§ **Task details**
Set down the data below from its first line to the line holding "My dad bought", inclusive; omit all pictures.

Supplied data START

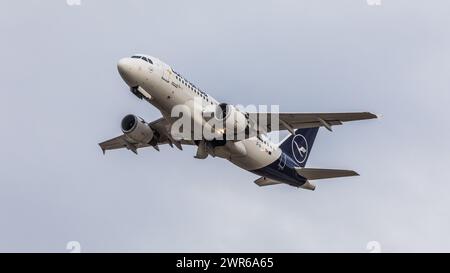 München, Deutschland - 2. Janvier 2022 : Ein Airbus A319-114 von Lufthansa startet vom Flughafen München. Enregistrement : d-AILD. Banque D'Images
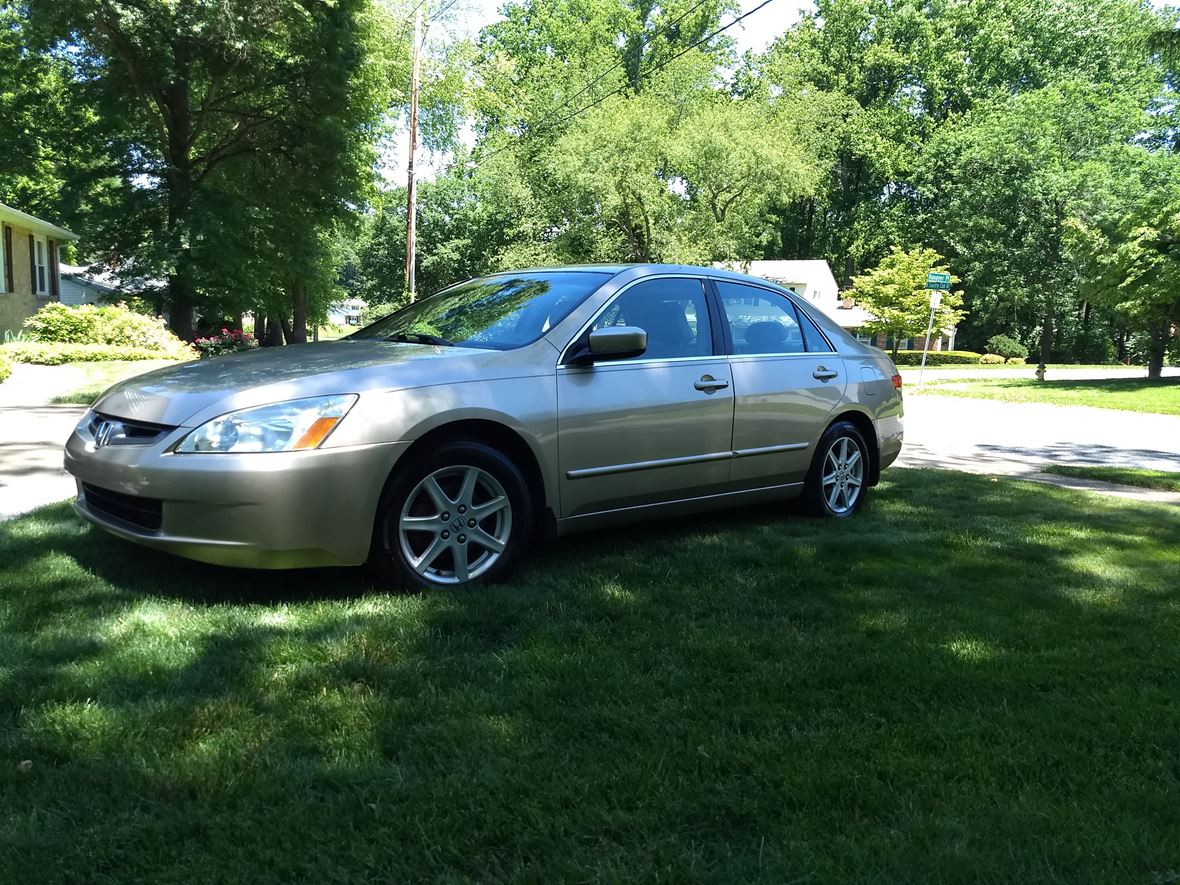 2004 Honda Accord for sale by owner in Newark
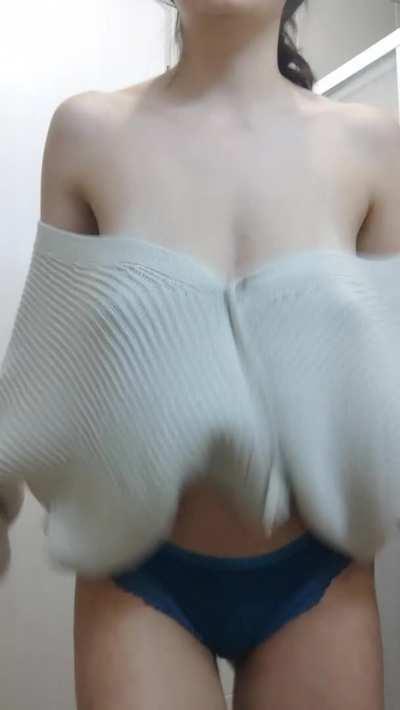 My dad bought this cardigan as a birthday gift so im wearing it 🥰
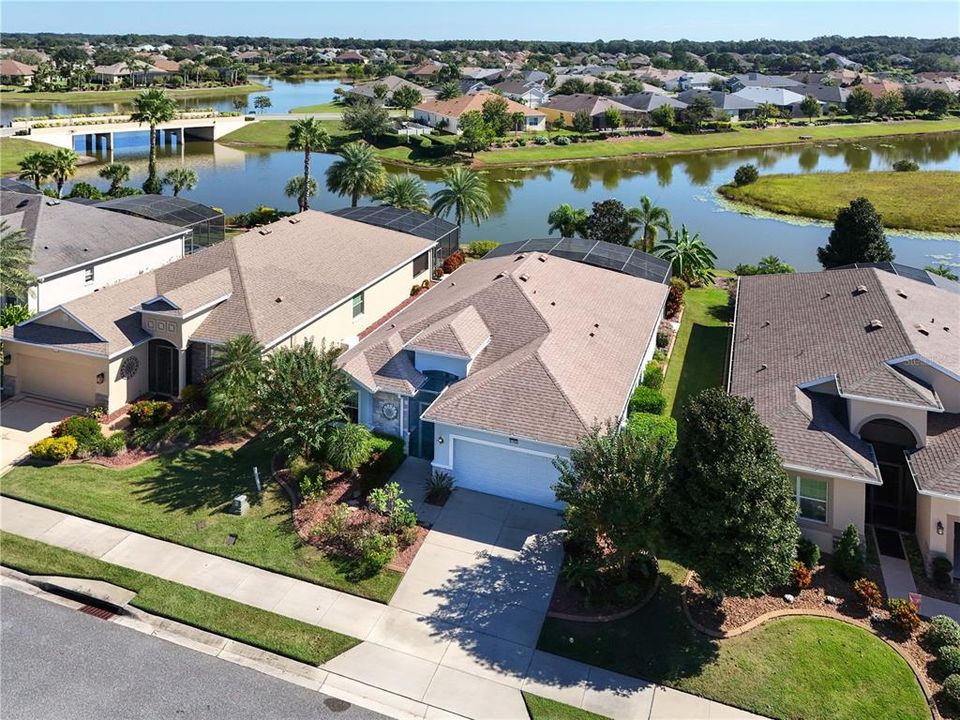 Active With Contract: $445,000 (3 beds, 2 baths, 1682 Square Feet)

Supplied data END

§ **Answer space**
 München, Deutschland - 2. Janvier 2022 : Ein Airbus A319-114 von Lufthansa startet vom Flughafen München. Enregistrement : d-AILD. Banque D'Images
 2004 Honda Accord for sale by owner in Newark
 My dad bought this cardigan as a birthday gift so im wearing it 🥰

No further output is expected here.